Referring still to FIG. 11, each of the support rods 126 is equipped with a retaining clip 128. The intermediate tubes 103 are secured on the support rods 126 by positioning the individual support rods 126 within the fluid conduit lumens 108 (FIG. 10) of the intermediate tubes, and sliding the intermediate tubes 103 up over the support rods 126. Each of the intermediate tubes 103 is typically positioned on the support rod 126 such that a proximal end 130 of the intermediate tube 103 abuts against the base of the retaining clips 128, or such that the tip 120 of the intermediate tube 103 fits snugly against the distal tip of the support rod 126. Although not shown, it is believed that the intermediate tubes 103 can be secured on the support rods 126 without the aid of the retaining clips 128. This is because extruded double lumen tubes 102 generally have a slight bend. This permits the intermediate tube 103 to be secured on the support rod 126 via a friction fit without the aid of the clip 128.
FIG. 19 schematically illustrates the pallet 124 loaded with the plurality of intermediate tubes 103. The pallet 124 transfers the intermediate tubes 103 from place to place via a transporting mechanism 122. For example, the transporting mechanism 122 moves or transfers the loaded pallet 124 between a series of baths or dip tanks used to manufacture the completed Foley catheter 100 shown in FIG. 2. The series of dip tanks are used to form the catheter shaft 104 having the retention balloon 158 of the Foley catheter 100.
In particular, after the intermediate tubes 103 loaded on the pallet 124, the intermediate tubes 103 are transported to a first bath or dip tank 133 by the transporting mechanism 122 (FIG. 19). The first dip tank 133 is raised so that all of the intermediate tubes 103 are simultaneously coated with a bond preventing agent; preferably, a removable bond preventing agent. While the present method relates to machinery that raises and lowers the dip tanks relative to the pallet 124, it is contemplated that the pallet 124 can also be lowered and raised relative the dip tanks.

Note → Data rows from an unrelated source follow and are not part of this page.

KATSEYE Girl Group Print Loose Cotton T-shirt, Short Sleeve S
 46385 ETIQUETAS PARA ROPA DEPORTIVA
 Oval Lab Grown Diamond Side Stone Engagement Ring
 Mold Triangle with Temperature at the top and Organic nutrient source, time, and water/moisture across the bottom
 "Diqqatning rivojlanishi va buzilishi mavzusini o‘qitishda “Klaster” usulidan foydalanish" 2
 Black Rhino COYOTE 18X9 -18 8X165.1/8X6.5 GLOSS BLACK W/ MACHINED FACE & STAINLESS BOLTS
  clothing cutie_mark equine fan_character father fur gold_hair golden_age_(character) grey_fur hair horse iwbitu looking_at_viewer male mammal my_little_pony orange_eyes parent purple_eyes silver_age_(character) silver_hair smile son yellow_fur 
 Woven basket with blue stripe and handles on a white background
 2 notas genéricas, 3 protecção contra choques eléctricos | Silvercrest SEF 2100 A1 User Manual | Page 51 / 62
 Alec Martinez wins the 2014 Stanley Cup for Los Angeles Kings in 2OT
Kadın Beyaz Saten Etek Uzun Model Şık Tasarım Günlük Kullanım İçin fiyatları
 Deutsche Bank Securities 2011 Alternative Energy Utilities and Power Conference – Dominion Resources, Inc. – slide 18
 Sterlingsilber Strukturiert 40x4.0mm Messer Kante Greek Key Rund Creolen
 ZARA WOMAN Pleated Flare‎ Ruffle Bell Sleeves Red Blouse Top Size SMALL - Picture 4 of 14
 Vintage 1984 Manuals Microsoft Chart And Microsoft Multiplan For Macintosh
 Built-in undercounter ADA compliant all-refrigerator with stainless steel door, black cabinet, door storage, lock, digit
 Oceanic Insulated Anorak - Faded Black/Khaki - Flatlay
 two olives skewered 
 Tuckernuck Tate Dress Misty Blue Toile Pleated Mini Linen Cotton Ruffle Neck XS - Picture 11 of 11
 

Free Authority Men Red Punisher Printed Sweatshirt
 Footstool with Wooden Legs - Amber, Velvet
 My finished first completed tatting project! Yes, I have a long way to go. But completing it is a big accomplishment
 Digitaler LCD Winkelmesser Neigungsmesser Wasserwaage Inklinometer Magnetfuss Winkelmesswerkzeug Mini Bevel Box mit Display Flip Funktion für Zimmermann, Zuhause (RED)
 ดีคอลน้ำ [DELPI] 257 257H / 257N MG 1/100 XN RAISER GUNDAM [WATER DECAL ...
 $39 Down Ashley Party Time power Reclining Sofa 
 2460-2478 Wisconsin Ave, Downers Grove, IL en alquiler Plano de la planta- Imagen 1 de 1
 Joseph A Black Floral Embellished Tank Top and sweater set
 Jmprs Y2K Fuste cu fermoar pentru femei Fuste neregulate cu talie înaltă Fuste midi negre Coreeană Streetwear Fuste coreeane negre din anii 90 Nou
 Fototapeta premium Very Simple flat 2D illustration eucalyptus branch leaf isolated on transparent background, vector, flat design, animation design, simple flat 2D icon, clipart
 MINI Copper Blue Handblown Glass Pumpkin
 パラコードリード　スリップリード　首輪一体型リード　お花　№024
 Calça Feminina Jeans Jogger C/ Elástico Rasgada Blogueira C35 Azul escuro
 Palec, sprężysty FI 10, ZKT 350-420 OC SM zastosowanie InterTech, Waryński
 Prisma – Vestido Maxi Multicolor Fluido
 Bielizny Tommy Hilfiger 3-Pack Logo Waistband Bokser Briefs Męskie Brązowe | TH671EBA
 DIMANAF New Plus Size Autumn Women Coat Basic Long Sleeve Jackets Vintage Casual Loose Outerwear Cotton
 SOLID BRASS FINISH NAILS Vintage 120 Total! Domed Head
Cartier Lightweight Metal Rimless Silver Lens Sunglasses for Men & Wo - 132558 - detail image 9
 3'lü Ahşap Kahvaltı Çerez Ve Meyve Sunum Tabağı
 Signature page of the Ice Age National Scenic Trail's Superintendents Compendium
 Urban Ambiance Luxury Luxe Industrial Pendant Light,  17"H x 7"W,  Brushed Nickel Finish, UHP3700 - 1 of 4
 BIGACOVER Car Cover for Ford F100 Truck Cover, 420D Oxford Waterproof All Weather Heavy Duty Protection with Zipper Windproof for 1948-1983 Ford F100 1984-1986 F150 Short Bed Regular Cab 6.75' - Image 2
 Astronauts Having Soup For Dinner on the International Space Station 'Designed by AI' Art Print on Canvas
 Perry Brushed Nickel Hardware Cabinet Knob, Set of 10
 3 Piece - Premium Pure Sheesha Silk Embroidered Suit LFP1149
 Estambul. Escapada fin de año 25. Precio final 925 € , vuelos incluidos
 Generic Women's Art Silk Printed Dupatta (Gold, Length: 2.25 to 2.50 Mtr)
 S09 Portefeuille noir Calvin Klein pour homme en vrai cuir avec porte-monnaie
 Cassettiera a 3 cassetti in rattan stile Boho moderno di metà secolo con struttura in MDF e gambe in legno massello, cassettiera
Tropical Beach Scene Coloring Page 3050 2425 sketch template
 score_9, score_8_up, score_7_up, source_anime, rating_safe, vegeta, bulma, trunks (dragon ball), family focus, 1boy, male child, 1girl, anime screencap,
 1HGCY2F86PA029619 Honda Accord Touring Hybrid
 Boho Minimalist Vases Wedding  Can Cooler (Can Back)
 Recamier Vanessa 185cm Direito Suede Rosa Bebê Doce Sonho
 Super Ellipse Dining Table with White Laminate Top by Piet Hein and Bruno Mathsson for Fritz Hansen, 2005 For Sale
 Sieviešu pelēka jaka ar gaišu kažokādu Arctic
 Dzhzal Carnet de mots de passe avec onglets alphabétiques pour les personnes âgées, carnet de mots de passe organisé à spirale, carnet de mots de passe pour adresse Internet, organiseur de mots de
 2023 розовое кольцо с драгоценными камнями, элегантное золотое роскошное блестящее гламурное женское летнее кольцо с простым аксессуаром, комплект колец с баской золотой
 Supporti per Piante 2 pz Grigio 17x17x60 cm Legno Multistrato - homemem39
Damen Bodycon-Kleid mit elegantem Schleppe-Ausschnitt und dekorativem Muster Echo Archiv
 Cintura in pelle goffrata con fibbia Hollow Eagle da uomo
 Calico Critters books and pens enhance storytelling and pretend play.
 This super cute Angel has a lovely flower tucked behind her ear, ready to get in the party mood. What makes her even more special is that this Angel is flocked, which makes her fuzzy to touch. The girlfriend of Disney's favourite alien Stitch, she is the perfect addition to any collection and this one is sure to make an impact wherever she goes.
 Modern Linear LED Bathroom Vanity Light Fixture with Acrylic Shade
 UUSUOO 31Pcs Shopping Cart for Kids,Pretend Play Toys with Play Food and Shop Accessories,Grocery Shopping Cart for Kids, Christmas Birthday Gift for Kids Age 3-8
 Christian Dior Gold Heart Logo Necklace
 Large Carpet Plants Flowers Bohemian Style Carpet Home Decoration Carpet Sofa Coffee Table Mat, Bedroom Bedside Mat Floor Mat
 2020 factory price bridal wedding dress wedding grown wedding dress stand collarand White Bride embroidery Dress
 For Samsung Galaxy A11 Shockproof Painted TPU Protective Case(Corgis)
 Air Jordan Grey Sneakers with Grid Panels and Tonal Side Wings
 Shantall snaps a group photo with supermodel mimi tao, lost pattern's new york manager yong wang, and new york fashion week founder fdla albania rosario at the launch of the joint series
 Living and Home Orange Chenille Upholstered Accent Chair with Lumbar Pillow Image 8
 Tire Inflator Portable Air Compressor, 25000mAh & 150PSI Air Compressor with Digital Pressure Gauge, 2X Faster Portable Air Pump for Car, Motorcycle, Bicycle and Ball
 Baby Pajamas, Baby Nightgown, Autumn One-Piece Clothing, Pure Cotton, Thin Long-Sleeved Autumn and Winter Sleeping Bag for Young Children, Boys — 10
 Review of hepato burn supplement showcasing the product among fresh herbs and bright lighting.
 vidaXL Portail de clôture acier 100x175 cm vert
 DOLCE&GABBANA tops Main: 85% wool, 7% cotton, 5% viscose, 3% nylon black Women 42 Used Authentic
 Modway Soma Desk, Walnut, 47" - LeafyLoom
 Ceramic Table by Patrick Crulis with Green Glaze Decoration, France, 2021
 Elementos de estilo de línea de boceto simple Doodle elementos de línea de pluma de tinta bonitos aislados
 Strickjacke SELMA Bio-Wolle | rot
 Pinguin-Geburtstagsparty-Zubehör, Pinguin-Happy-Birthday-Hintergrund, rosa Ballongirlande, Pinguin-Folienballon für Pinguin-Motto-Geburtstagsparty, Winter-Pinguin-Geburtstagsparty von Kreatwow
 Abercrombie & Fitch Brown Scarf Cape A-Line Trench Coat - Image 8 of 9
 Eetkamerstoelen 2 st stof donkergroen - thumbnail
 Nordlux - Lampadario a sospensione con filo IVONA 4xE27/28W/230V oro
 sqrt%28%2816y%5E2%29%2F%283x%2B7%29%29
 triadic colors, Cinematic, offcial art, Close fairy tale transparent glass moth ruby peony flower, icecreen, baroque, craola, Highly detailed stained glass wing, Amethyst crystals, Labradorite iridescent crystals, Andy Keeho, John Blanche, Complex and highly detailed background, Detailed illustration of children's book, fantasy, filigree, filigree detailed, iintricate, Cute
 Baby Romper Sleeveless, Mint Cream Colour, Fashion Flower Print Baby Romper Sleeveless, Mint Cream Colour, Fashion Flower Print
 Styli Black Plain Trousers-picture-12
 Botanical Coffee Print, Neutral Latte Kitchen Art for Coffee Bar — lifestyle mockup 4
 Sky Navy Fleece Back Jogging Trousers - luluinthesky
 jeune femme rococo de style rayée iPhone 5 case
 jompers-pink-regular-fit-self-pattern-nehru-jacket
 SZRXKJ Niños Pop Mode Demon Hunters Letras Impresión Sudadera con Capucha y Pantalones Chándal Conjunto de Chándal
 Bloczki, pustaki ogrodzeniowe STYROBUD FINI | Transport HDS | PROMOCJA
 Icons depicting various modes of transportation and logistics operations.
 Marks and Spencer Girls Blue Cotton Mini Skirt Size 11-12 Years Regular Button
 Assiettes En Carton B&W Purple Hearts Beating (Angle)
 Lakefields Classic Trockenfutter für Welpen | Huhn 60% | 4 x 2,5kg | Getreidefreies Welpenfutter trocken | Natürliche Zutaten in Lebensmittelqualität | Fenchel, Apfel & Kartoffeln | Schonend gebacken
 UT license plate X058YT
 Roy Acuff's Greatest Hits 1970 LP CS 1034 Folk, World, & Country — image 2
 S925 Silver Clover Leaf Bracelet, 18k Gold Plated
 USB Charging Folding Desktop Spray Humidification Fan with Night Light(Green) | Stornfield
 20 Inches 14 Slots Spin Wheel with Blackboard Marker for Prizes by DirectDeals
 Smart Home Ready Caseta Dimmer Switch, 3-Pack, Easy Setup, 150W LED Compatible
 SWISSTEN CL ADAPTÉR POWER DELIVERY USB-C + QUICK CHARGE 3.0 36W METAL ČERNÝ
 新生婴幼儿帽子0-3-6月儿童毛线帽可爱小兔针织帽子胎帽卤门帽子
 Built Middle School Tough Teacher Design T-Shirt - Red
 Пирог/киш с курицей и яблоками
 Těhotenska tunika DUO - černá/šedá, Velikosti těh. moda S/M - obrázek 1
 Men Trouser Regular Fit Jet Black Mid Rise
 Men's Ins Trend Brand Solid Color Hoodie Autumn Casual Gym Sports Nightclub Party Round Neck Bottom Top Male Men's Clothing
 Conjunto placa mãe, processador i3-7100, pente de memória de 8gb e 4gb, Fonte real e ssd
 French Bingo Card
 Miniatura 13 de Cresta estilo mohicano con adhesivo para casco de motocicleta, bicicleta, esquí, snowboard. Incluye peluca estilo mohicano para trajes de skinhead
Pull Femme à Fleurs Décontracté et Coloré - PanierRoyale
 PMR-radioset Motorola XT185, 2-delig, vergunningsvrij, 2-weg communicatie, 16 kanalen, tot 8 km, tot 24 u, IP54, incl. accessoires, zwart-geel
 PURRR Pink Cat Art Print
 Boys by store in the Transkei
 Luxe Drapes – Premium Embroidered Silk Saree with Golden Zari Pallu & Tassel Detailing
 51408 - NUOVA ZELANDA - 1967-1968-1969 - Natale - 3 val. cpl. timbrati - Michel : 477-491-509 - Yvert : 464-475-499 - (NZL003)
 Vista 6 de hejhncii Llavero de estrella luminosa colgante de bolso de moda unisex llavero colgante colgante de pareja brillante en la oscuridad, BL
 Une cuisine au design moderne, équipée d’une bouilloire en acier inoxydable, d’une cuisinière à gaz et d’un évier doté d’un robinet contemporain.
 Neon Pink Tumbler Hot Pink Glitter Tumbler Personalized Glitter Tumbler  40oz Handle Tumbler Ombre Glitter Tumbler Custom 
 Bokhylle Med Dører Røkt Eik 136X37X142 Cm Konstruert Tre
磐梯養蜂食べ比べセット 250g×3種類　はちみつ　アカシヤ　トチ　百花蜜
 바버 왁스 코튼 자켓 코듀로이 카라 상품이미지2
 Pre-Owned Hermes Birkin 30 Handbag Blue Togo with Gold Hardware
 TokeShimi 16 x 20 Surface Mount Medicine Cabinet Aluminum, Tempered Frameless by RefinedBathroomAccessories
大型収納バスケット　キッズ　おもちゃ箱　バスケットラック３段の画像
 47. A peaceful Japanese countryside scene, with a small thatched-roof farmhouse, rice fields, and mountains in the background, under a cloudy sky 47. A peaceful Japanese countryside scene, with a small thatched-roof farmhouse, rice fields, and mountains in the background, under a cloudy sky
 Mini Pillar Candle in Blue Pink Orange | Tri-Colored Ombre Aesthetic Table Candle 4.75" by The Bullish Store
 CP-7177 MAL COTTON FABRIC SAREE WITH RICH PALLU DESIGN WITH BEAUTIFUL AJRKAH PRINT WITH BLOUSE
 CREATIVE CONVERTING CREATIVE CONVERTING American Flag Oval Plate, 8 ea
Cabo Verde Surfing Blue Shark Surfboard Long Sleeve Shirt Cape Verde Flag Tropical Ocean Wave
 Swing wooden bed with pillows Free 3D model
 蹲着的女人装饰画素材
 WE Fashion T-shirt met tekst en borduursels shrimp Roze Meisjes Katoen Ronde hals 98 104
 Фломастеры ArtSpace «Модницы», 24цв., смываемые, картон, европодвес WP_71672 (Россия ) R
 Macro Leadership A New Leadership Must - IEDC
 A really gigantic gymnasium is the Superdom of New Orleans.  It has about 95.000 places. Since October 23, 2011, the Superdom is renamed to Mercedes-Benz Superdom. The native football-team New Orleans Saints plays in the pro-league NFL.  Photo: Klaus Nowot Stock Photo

Still referring to FIG. 19, the intermediate tubes 103 are immersed or dipped into the first dip tank 133 containing the bath of the removable bond preventing agent. The removable bond preventing agent includes materials that form a semi-solid film or coating on surfaces when cooled or dried. Examples of such materials include petroleum jelly or petrolatum, other oil base substances that form a semi-solid film upon cooling to room temperature, liquid soaps that dry to form a semi-solid film, aqueous soap or detergent solutions, aqueous or oil based film forming materials, and the like. In one method, hot petrolatum is used, and in another method, a liquid soap, such as LIQUID IVORY® soap from Proctor & Gamble, Cincinnati, Ohio, is used.
Referring now to FIG. 13, the intermediate tubes 103 are immersed in the first dip tank 133 to a desired level designated by line A. Immersing the intermediate tubes 103 into the first bath 133 coats the outer surface 114 of the intermediate tube 103 with the removable bond preventing agent. In addition, the agent enters the capillary lumen access opening 112 and runs up into the capillary lumen 106 (as shown in FIG. 13). In one embodiment the agent is petrolatum, heated to about 140°-160° F., typically about 150° F. At this temperature, the petrolatum runs up into the capillary lumen 106 through the capillary lumen access opening 112 with the assistance of the “capillary effect”, which draws the fluid into the capillary lumen 106 to the level 133 a (FIG. 19) of the petrolatum in the first dip tank 133. As the intermediate tubes 103 are withdrawn from the hot petrolatum, petrolatum on each of the tubes 103 cools and solidifies to form a semi-solid bond preventing coating 138 (FIG. 13) on the outer surface 114. Likewise, a semi-solid filling 134 in the capillary lumen 106 and the capillary lumen access opening 112 is created, which cooperate to plug the capillary lumen access opening 112.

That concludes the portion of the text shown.